A group of physicists from the Skobeltsyn Institute of Nuclear Physics, the Lomonosov Moscow State University, has learned to use a personal computer for calculations of complex equations of quantum mechanics, usually solved with help of supercomputers. This PC does the job much faster. An article about the results of the work has been published in the journal Computer Physics Communications.
Senior researchers Vladimir Pomerantcev and Olga Rubtsova, working under the guidance of Professor Vladimir Kukulin (SINP MSU), were able to use on an ordinary desktop PC with GPU to solve complicated integral equations of quantum mechanics — previously solved only with the powerful, expensive supercomputers. According to Vladimir Kukulin, the personal computer does the job much faster: in 15 minutes it is doing the work requiring normally 2-3 days of the supercomputer time.

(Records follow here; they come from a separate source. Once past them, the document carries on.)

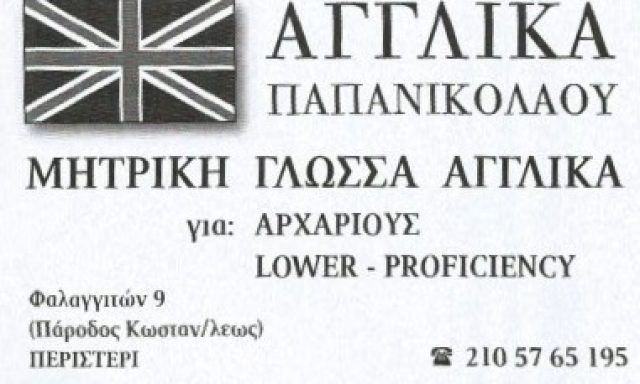 ΑΓΓΛΙΚΑ ΠΑΠΑΝΙΚΟΛΑΟΥ – ΠΑΠΑΝΙΚΟΛΑΟΥ ΦΙΛΙΩ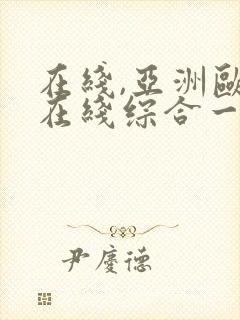 在线,亚洲欧美在线综合一区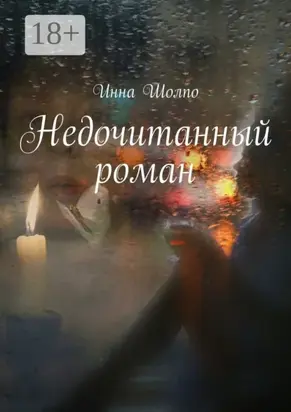 Недочитанный роман
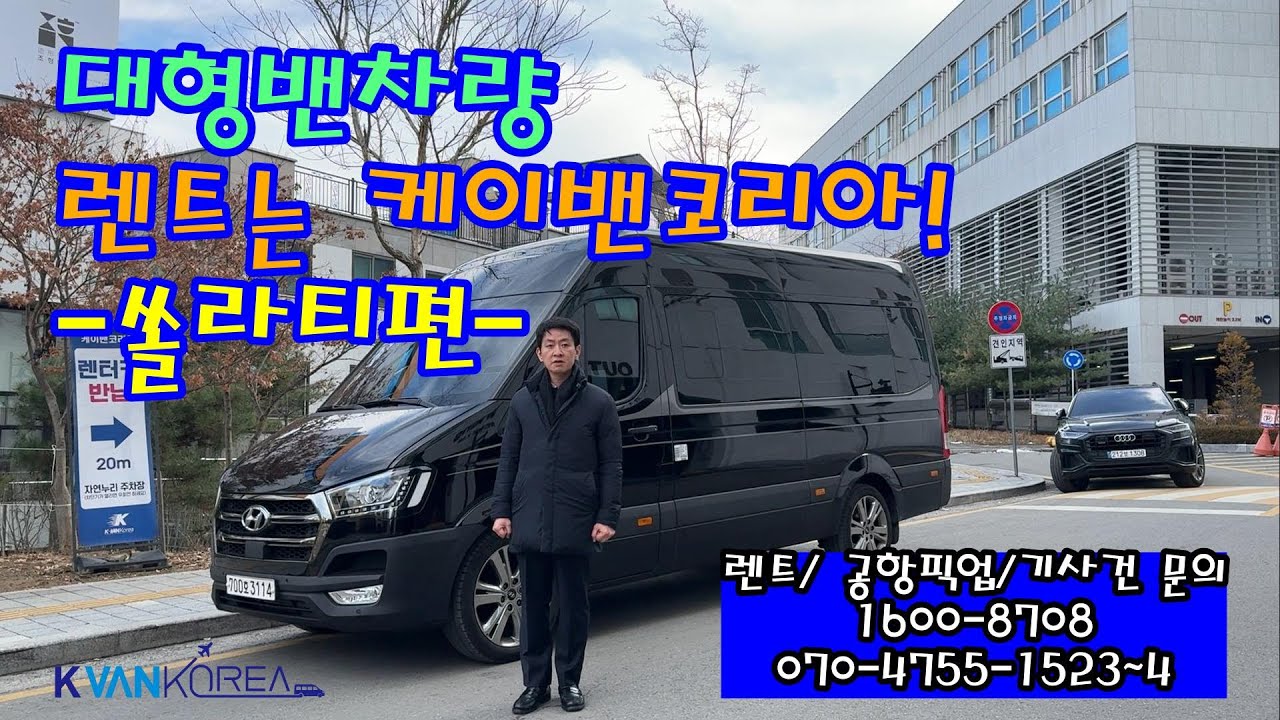 쏠라티렌트 15인승 / 쏠라티 사용법 /  쏠라티의 모든 것 파헤치기! /솔라티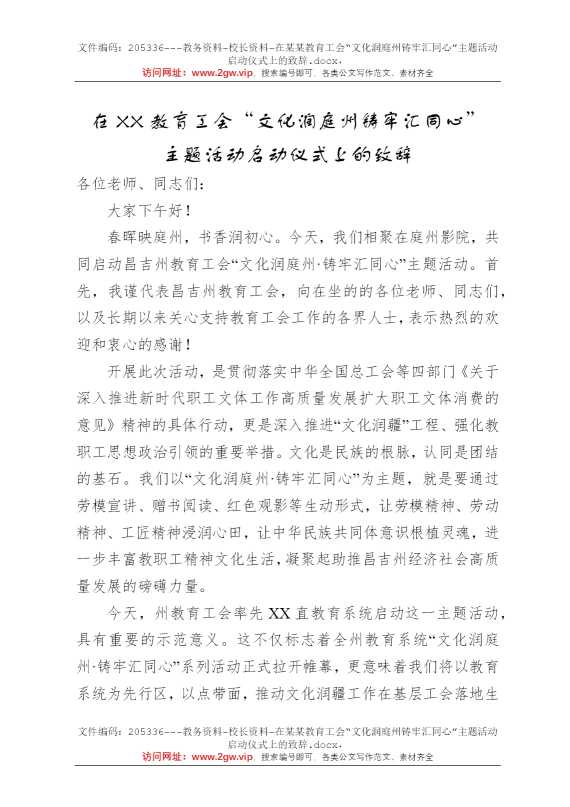 在某某教育工会“文化润庭州铸牢汇同心”主题活动启动仪式上的致辞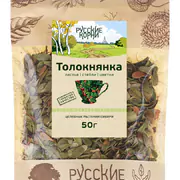 1Толокнянка трава, 50 г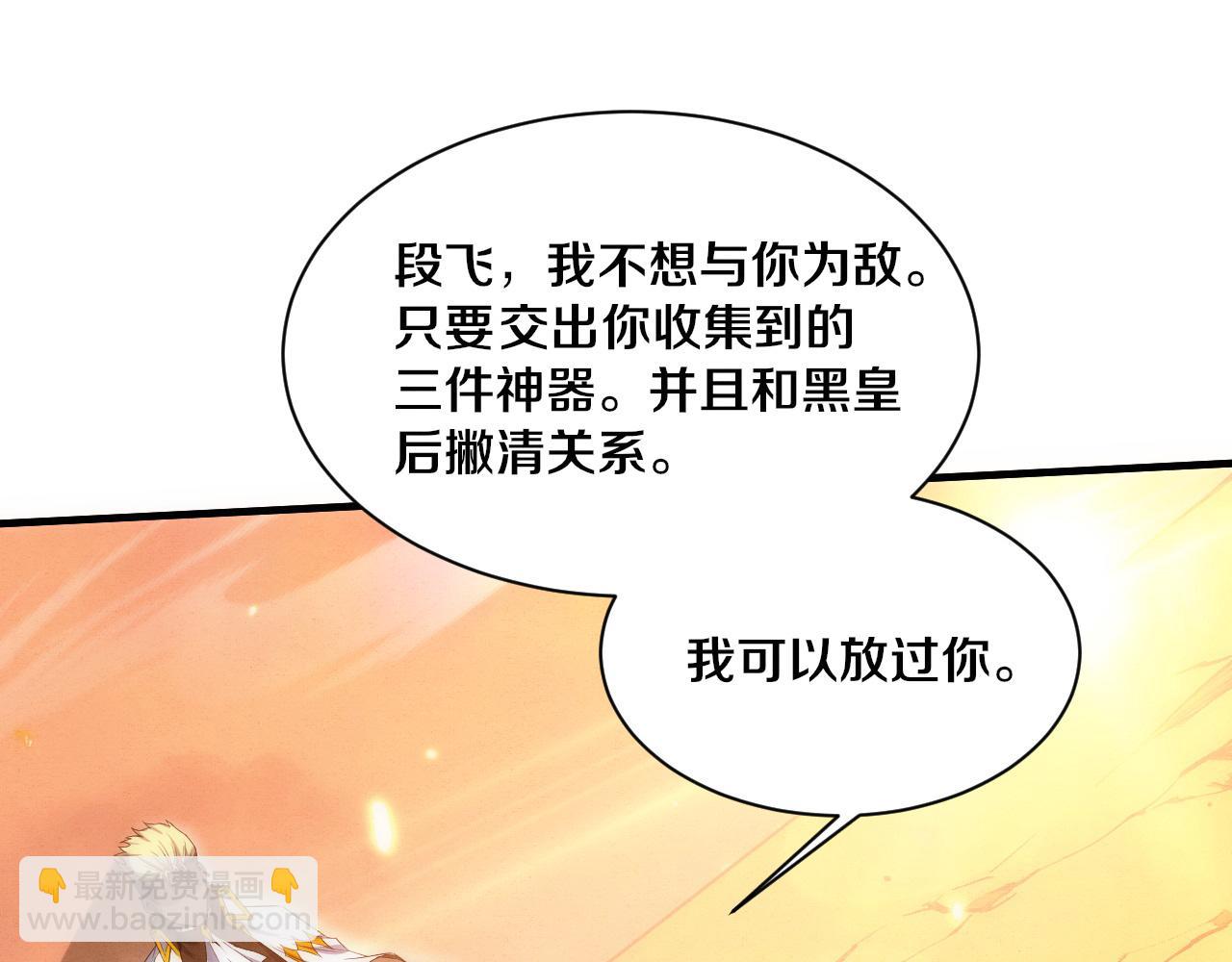 進化狂潮 - 第186話 段飛抵達懸空城(2/3) - 5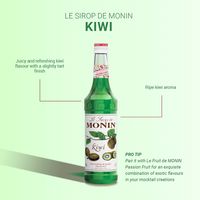 業務用 割り材 モナン キウイ・シロップ 700ml 1ケース(6本) MONIN 割材 ドリンクベース フレーバーシロップ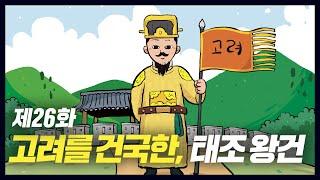 후삼국을 통일하고 고려를 세운 '태조 왕건' (역사만화 26화) [공부왕찐천재]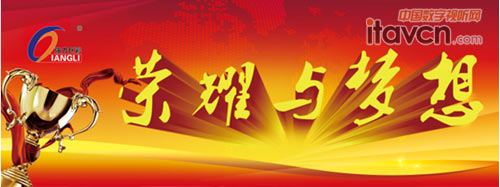 廢ό޲ʠINwλ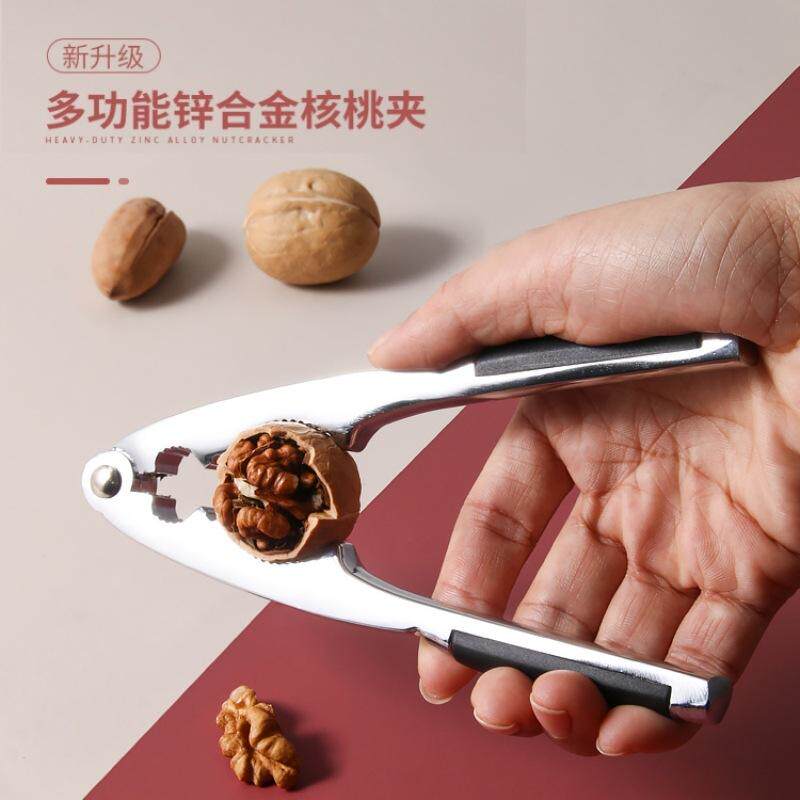 锌合金山核桃夹子家用开口器破壳器剥坚果工具夹榛子神器开壳钳子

The equations in question were formulated in the ’60s by the Russian mathematician Ludwig Faddeev. The equations describe the scattering of a few quantum particles, i.e., represent a quantum mechanical analog of the Newtonian theory of the three body systems. As the result, the whole field of quantum mechanics called “physics of few-body systems” appeared soon after this.
This area poses a great interest to scientists engaged in quantum mechanics, nuclear and atomic physics and the theory of scattering. For several decades after the pioneering work of Faddeev one of their main purposes was to learn to solve these complicated equations. However, due to the incredible complexity of the calculations in the case of fully realistic interactions between a system’s particles stood out of the researchers’ reach for a long time, until the supercomputers appeared.
The situation changed dramatically after the group of SINP decided to use one of the new Nvidia GPs designed for use in game consoles on their personal computer. According to one of the authors Vladimir Kukulin, Head of Laboratory of Nuclear Theory, the processor was not the most expensive, of those that you can buy for $300-500.
The main problem in solving the scattering equations of multiple quantum particles was the calculation of the integral kernel — a huge two-dimensional table, consisting of tens or hundreds of thousands of rows and columns, with each element of such a huge matrix being the result of extremely complex calculations. But this table appeared to look like a monitor screen with tens of billions of pixels, and with a good GPU it was quite possible to calculate all of these. Using the software developed in Nvidia and having written their own programs, the researchers split their calculations on the many thousands of streams and were able to solve the problem brilliantly.
“We reached the speed we couldn’t even dream of,” Vladimir Kukulin said.